In 1986, a jury convicted Banks of passing bad checks, forgery, uttering, grand theft, and receiving stolen property. He raised ten claims in his federal petition: 1) that the trial court improperly admitted evidence of his prior convictions; 2) that the trial court improperly admitted a letter demanding payment on a bad check; 3) that a police officer was allowed to testify concerning his prior convictions and that evidence was admitted regarding convictions which were more than ten years old; 4) that there was insufficient evidence on a bad check charge; 5) that there was insufficient evidence of forgery and uttering; 6) that there was insufficient evidence of receiving stolen property; 7) that he received a greater sentence because he demanded a jury trial; 8) that the indictment was "constructively amended" by the trial court's instructions; 9) that the trial court's instructions were "conflicting, inconsistent and inapplicable;" and 10) that he was denied effective assistance of counsel. On September 18, 1991, the district court adopted a magistrate's recommendation and dismissed the petition. It is from this judgment that Banks now appeals. In addition, he has filed a motion to extend the appointment of his attorney under the Criminal Justice Act, 18 U.S.C. § 3006A.

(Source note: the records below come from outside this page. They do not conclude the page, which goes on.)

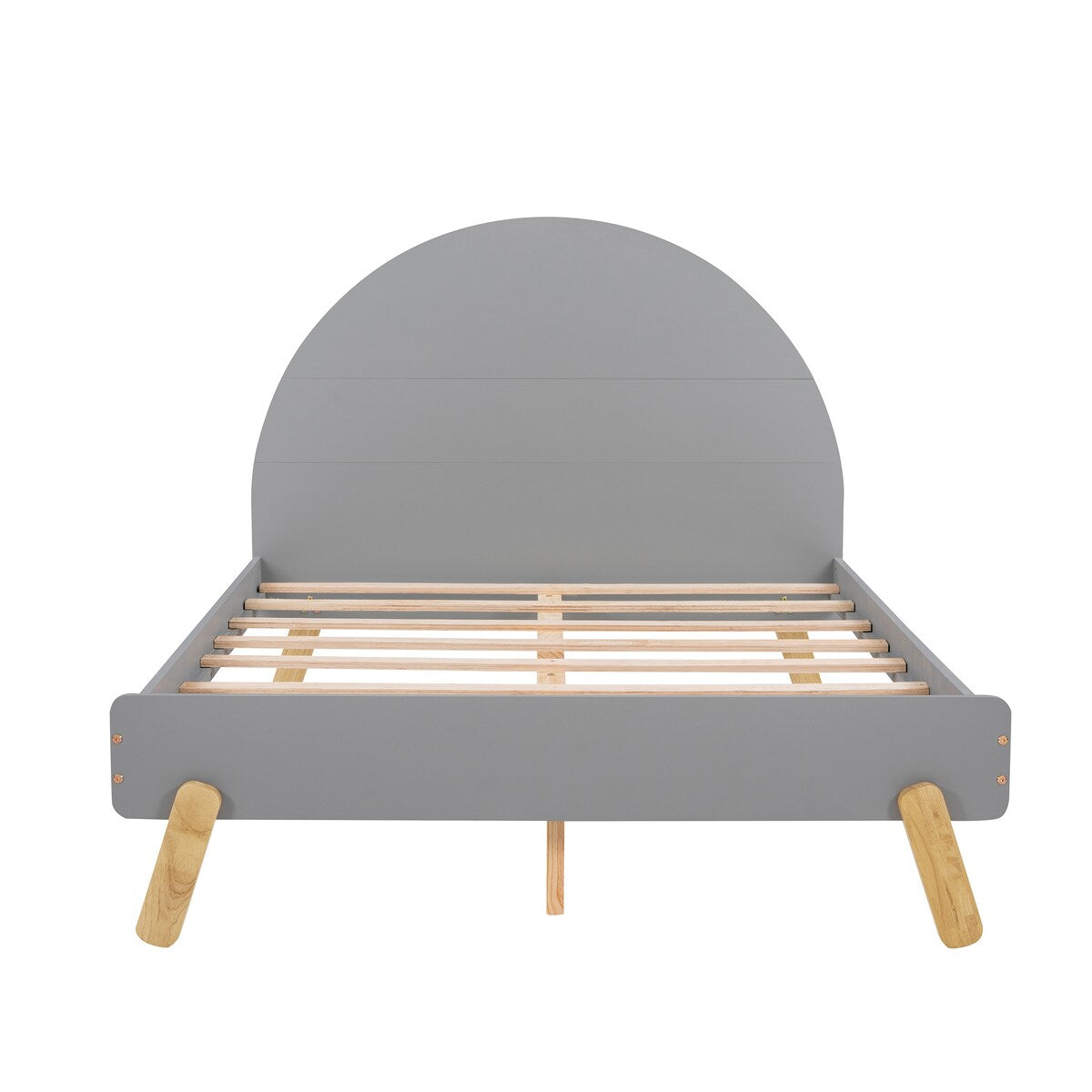 Wooden Platform Bed With Curved Headboard,Full Size Bed With Shelf Behind Headboard,Gray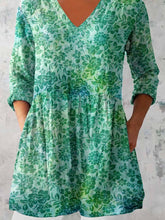 Load image into Gallery viewer, Women's Elegant Floral Pattern Round Neck Cotton and Linen Top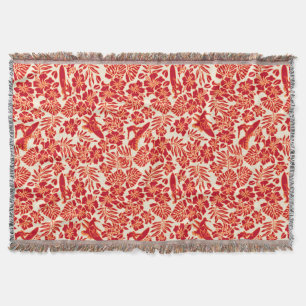 Manta Tejida Surf Pareau Hawaiian Hibiscus Throw Blankets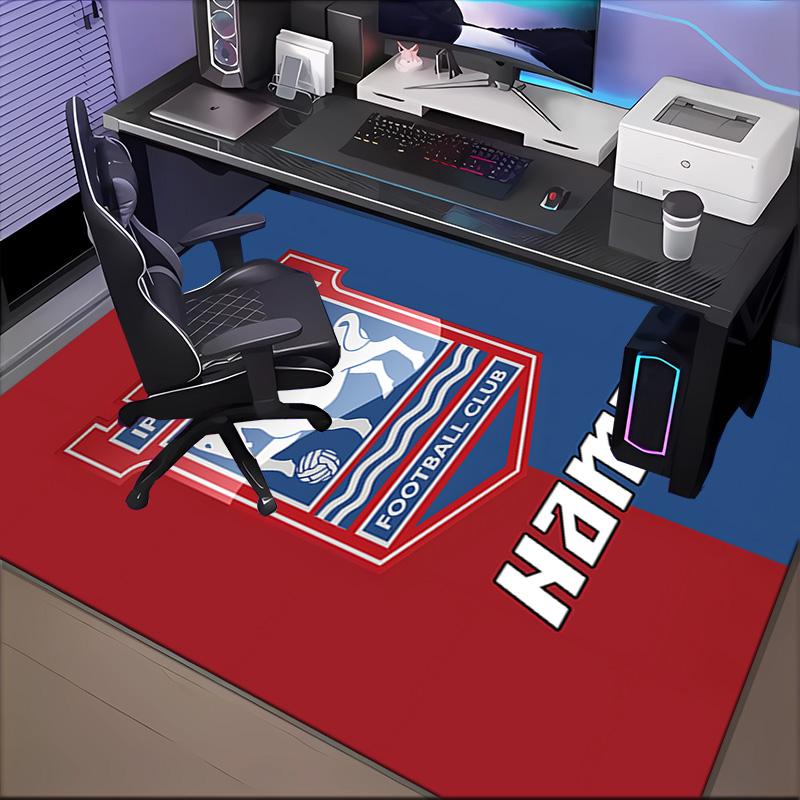 Custom Name Ipswich Football Crest Rug Game Carpet, Floor Mat for Bedroom Living Room Entryway Rug, Home Decor Idea Gift for Christmas Birthday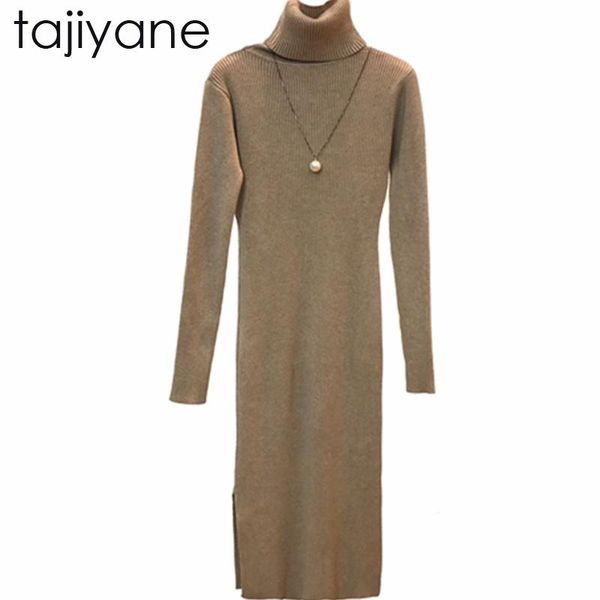 

casual dresses tajiyane women autumn spring sweater knitted slim elastic turtleneck long sleeve lady special dress vestidos ld090, Black;gray
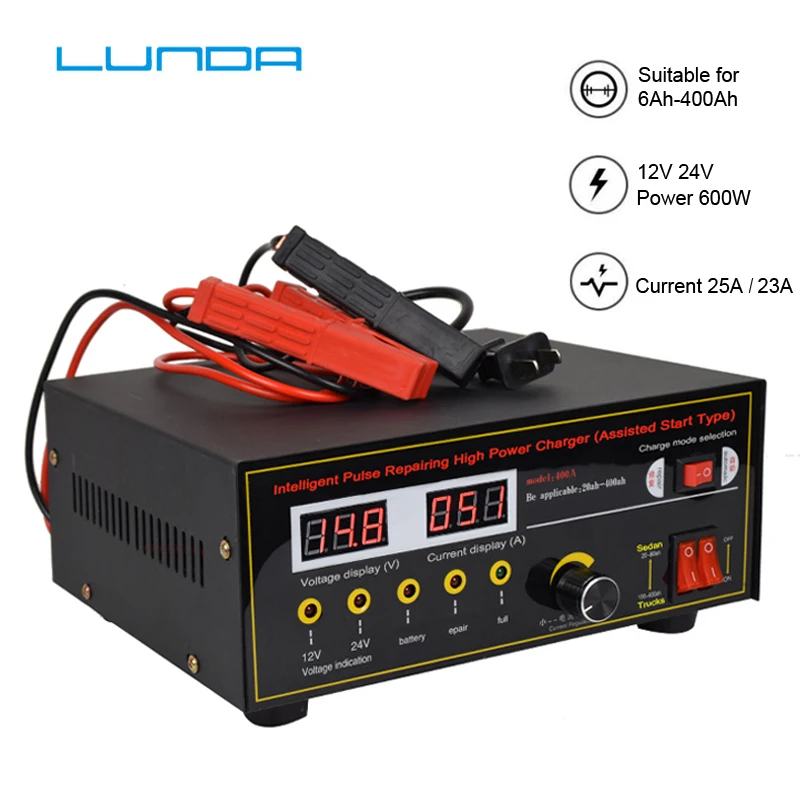 

600W Smart Automatic 12V/24V Car Motorcycle AGM Battery Charger LCD Intelligent Pulse Repair Lead Acid Wet Dry Li-Battery 400AH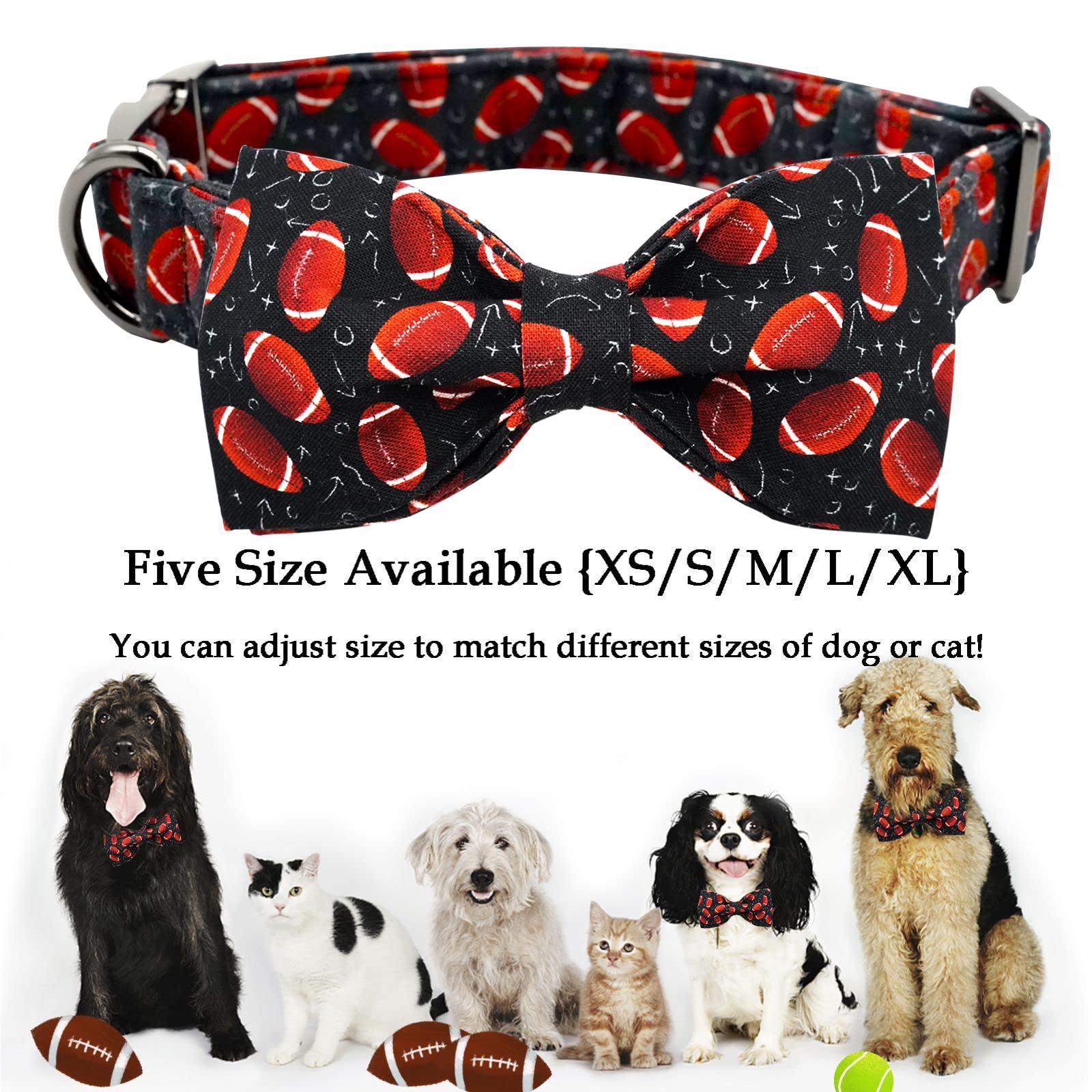 Lionheart Glory Dog Collar Bowtie - Adjustable Cotton Bow For X-Large Dogs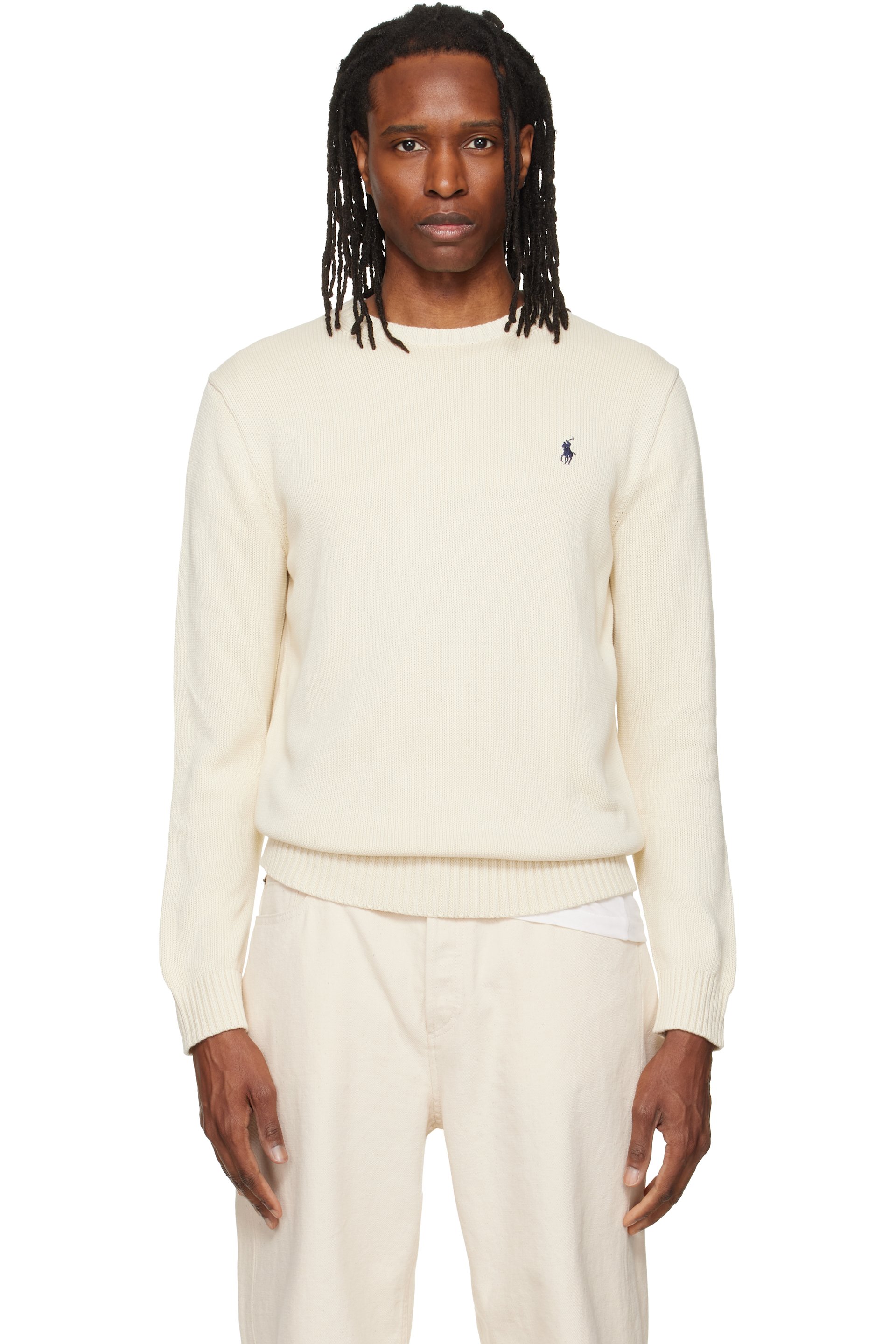 Polo Ralph Lauren - Off-White Cotton Long Sleeve Sweater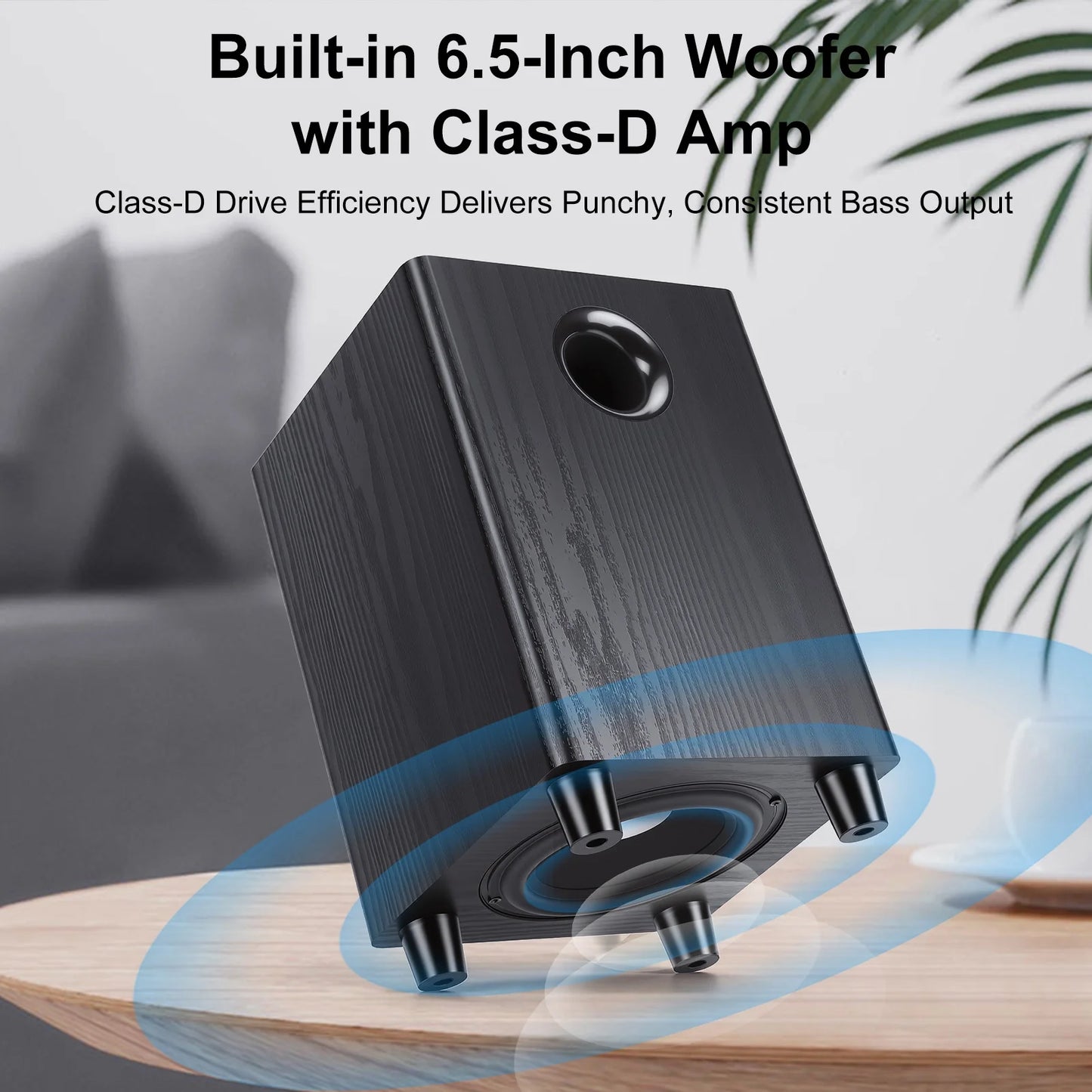 100W Passive Subwoofer Speaker, 6.5" Home Theater Subwoofers for Studio, Movies, Music, Gaming, Big Bass in Compact Design & Plug and Play, Easy Setup, Black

As an initial matter, it is noted that Banks has not raised any arguments regarding several of his original claims on appeal. Issues are not reviewable if they have been abandoned on appeal, even if they were raised in the district court. Thus, Banks has waived appellate review of the second, fifth, sixth, seventh and tenth claims asserted in his petition. See McMurphy v. City of Flushing, 802 F.2d 191, 198-99 (6th Cir. 1986).

A de novo review of the remaining claims indicates that the petition was properly dismissed for the reasons stated by the district court. The admission of evidence regarding Banks's prior convictions did not violate due process in light of the limiting instruction that the trial court gave to the jury. See Spencer v. Texas, 385 U.S. 554, 561 (1967). The surplus language in the court's instruction on grand theft was consistent with the statutory definition and did not violate due process. See Martin v. Foltz, 773 F.2d 711, 718 (6th Cir. 1985), cert. denied, 478 U.S. 1021 (1986). Nor were the court's instructions so ambiguous on the whole as to deprive Banks of a fair trial. Finally, the victim's testimony and the absence of funds in Banks's account provided sufficient evidence to support his conviction for passing bad checks. See Brown v. Davis, 752 F.2d 1142, 1147 (6th Cir. 1985).

Accordingly, the motion for appointment of counsel is granted, and the district court's judgment is affirmed. Rule 9(b) (3), Rules of the Sixth Circuit.